I think this function could be made simpler (and more generic, e.g. handling undefs too) by calling BuildVectorSDNode::isConstantSplat.

test/CodeGen/AArch64/fcvt_combine.ll
5

This style doesn't check that the fixed-point shift is correctly translated.

mcrosier updated this revision to Diff 36631.Oct 6 2015, 9:07 AM
mcrosier retitled this revision from [AArch64] Fold vector fmul by pow2 into floating-point to fixed-point conversion. to [AArch64] Fold vector fmul/fdiv by pow2 into floating-point/fixed-point conversions..
mcrosier updated this object.
mcrosier edited edge metadata.
mcrosier removed rL LLVM as the repository for this revision.

Updated the helper function, isConstVecPow2, per Tim's comments.

Added support for folding sitofp/uitofp followed by fdiv by power of two.

mcrosier marked 2 inline comments as done.Oct 6 2015, 9:07 AM

Thanks for updating the patch, Chad. Still got a few more issues...

lib/Target/AArch64/AArch64ISelLowering.cpp
7537

I've just noticed this started life in ARMISelLowering.cpp; since we're improving it here, can we fix that one too? Or even share the implementation somewhere (BuildVectorSDNode, or perhaps SelectionDAG if you anticipate handling more cases in the future)

7542

Why are we bailing on undef here?

7548

I don't think this can handle 2^64. Really, we might as well convert to an APSInt and use exactLogBase2 or something.

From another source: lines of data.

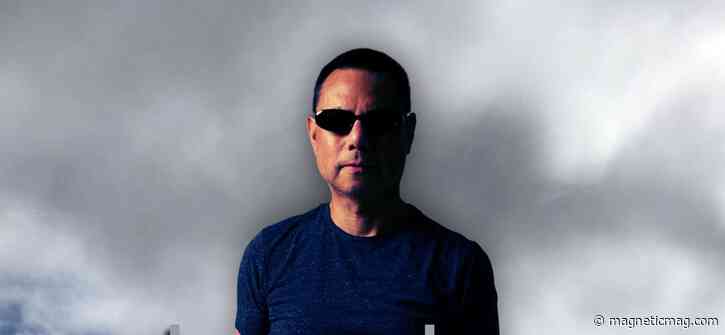 Synth Pop Artist Pol Sembrano Turns Gratitude, Hope, and Survival Into Song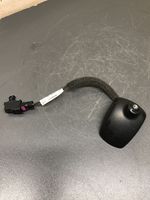 Chevrolet Cruze Radion antenni 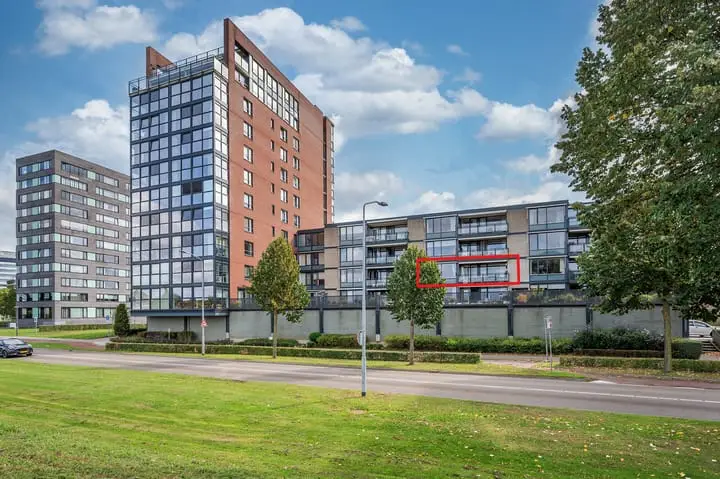 Foto Seinestraat 18 Venlo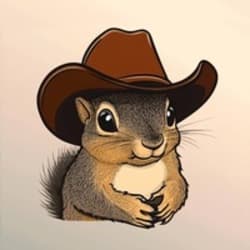 Peanut (PEANUT) logo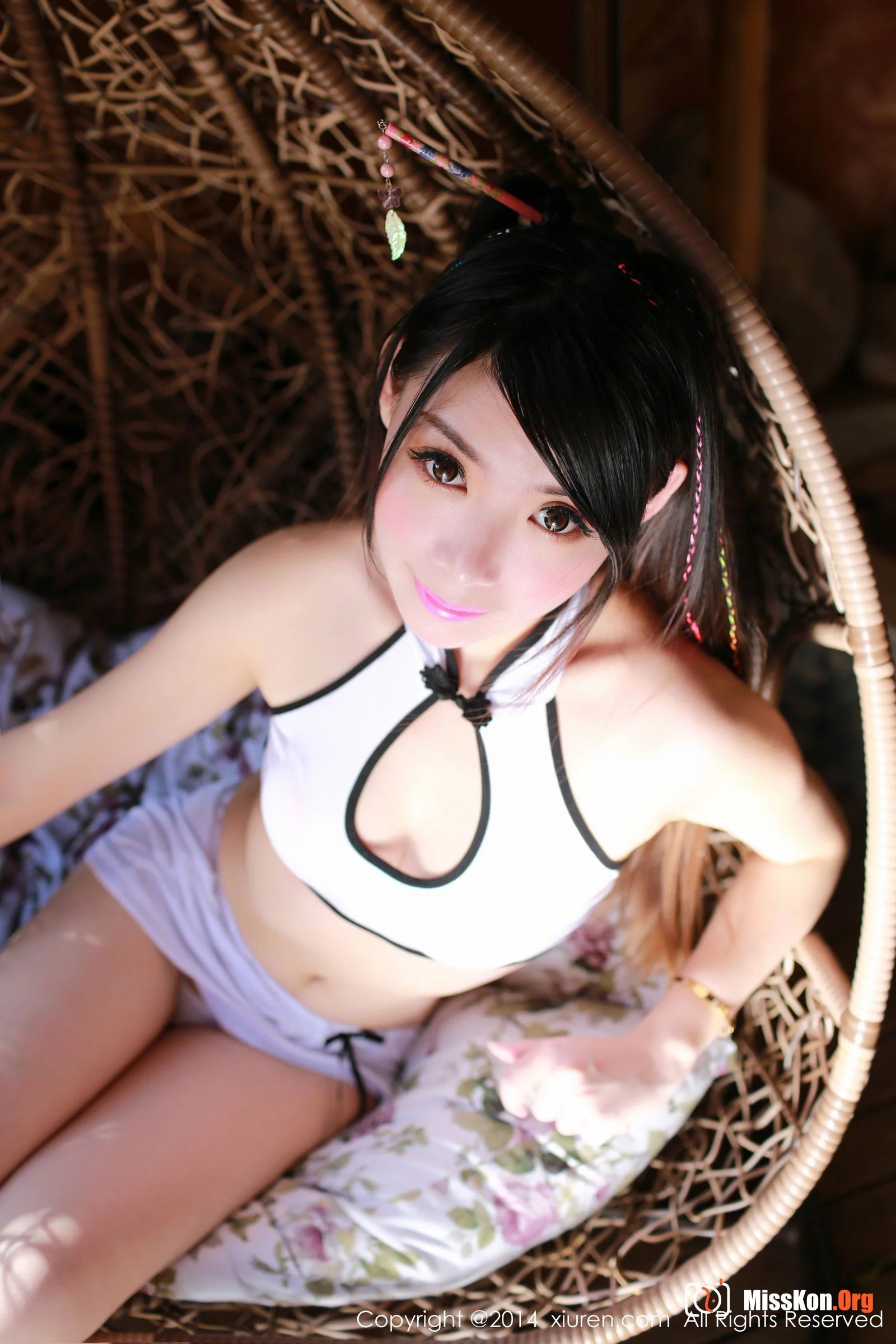 Mara Jiang - Photo 19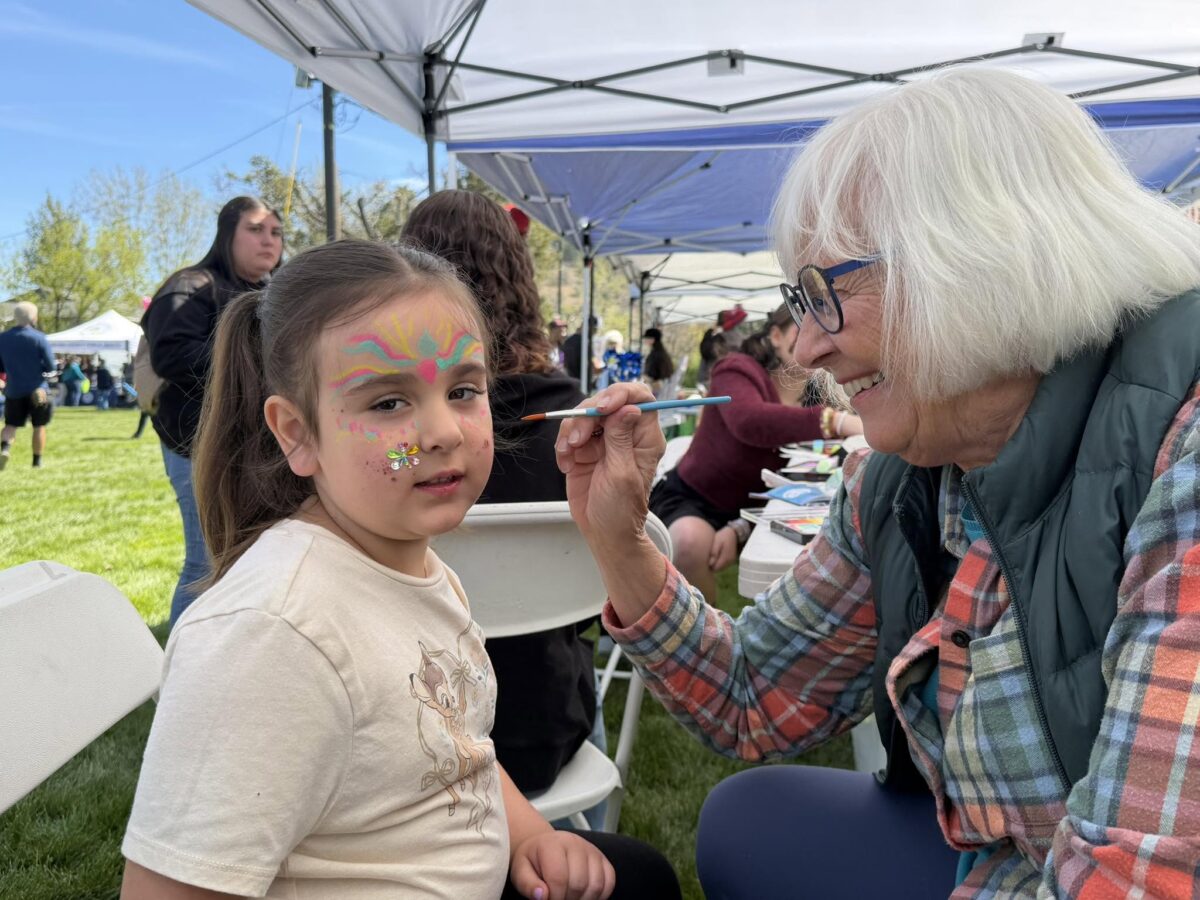 Dunsmuir_Harvest Festival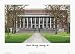 Campus Images MA992 Harvard University Lithograph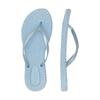 Ilse Jacobsen Zehentrenner 'CHEERFUL02' 37 1 pair Silber Damen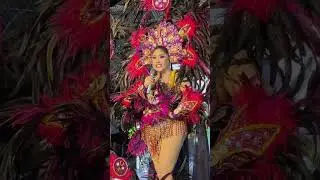 SELF INTRODUCTION - MISS GAY BRGY lV QUEEN OF QUEENS 2025 #nocopyrightmusic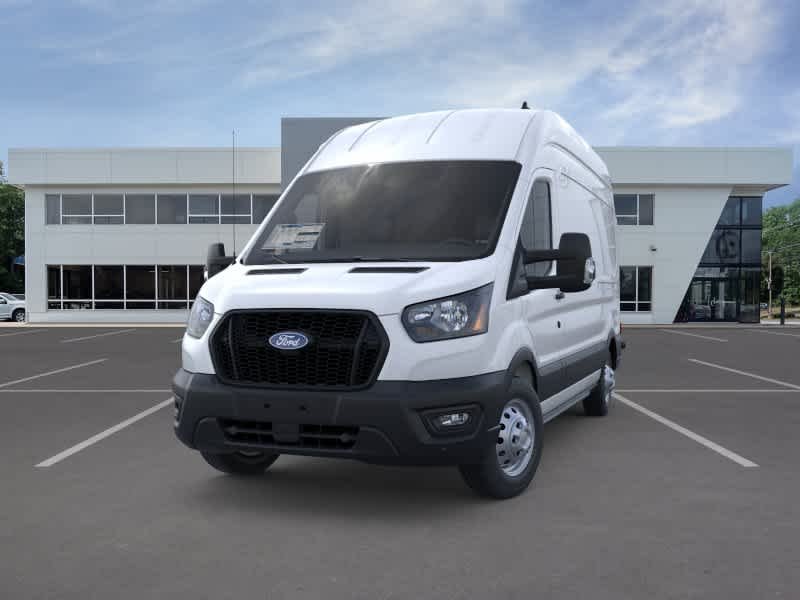 New 2026 Oxford White Ford  image 2
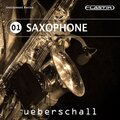  Ueberschall Saxophone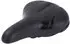 Fischer Trekking R.E. Med Memory Foam Sattel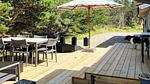 Outdoor - Ferienhaus für 13 Personen (158 m²) in Thisted - Top-Hundeurlaub
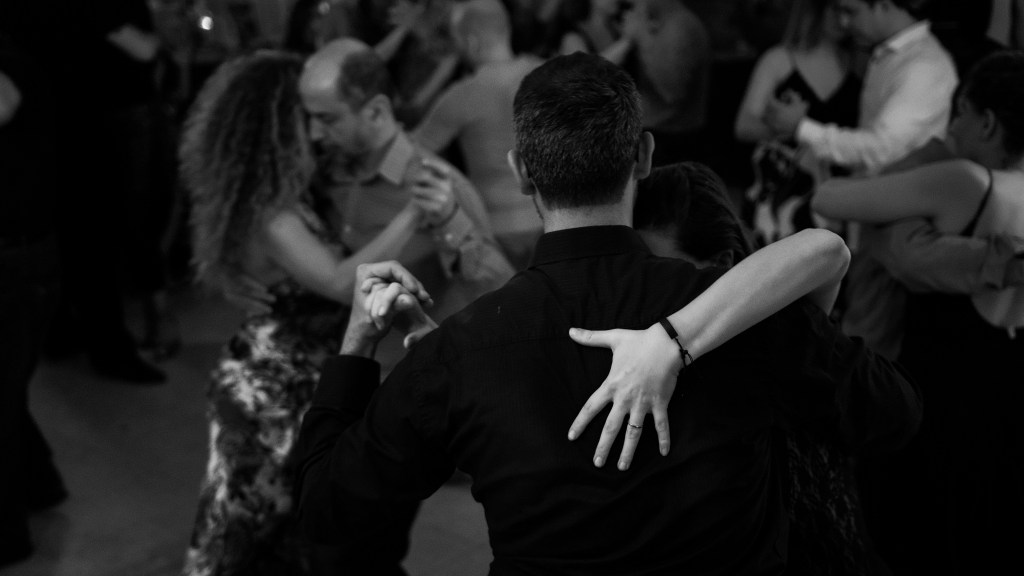 Beyond the Steps: The Male Role  Creating a Safe&nbsp;Community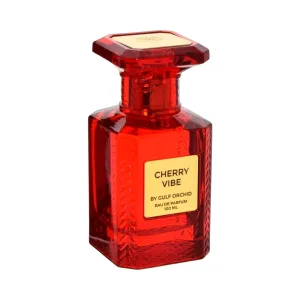 Perfume Gulf Orchid Cherry Vibe - Eau de Parfum - Feminino - 100ML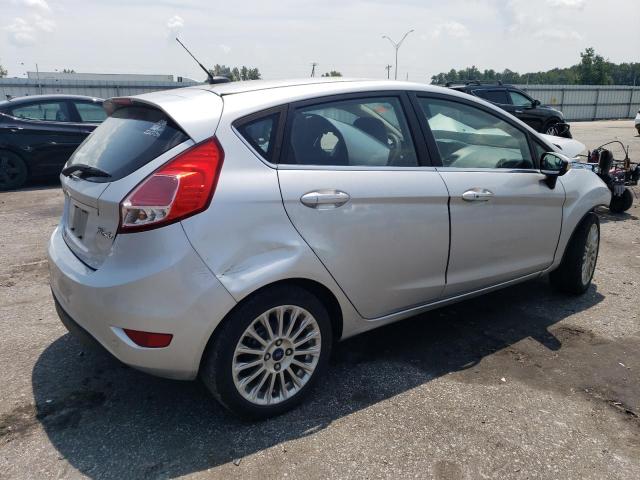 3FADP4FJ3EM244658 Ford Fiesta Titanium
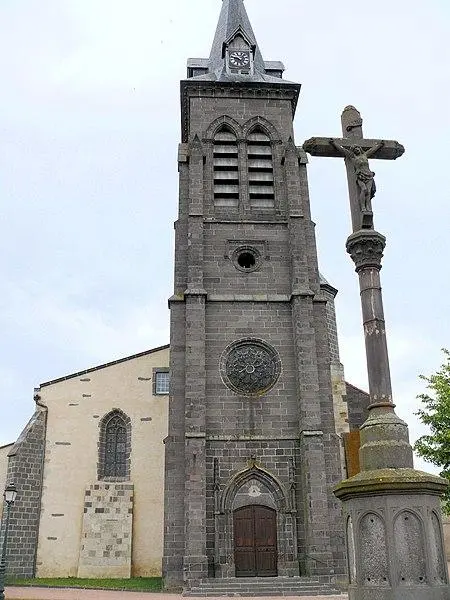 Foto von Saint-Etienne-Kirche - MOSSOT - © Creative Commons (https://creativecommons.org/licenses/by-sa/4.0/deed.fr)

Thanks, Tim. I'll post a new revision in a bit.

lib/Target/AArch64/AArch64ISelLowering.cpp
7537

I was planning on updating the version in ARMISelLowering as well, but I agree we can just make this common to BuildVectorSDNode or elsewhere and use the new version in both ARM and AArch64.

7542

No particular reason other than I was trying to be conservative. I'll remove the !UndefElements.none() check.

7548

Thanks for the suggestion, Tim. I'm not overly familiar with all of the APFloat/APInt APIs, hence the less than ideal solution. I'll start digging to see if I can't implement a more robust solution.

mcrosier updated this revision to Diff 36749.Oct 7 2015, 8:26 AM

This should take care of all of your suggested improvements, Tim.

  1. Accommodated Tim's request for a generic interface for both ARM and AArch64 to compute const FP splat of power of 2.
  2. Allow matching against constant splats with undefs.

    Chad
mcrosier marked 6 inline comments as done.Oct 7 2015, 8:27 AM
t.p.northover accepted this revision.Oct 7 2015, 9:19 AM
t.p.northover edited edge metadata.

Thanks Chad. I think this looks good now.

Tim.

This revision is now accepted and ready to land.Oct 7 2015, 9:19 AM
mcrosier closed this revision.Oct 7 2015, 10:54 AM

Thanks, Tim! Committed in r249572, r249576, and r249579.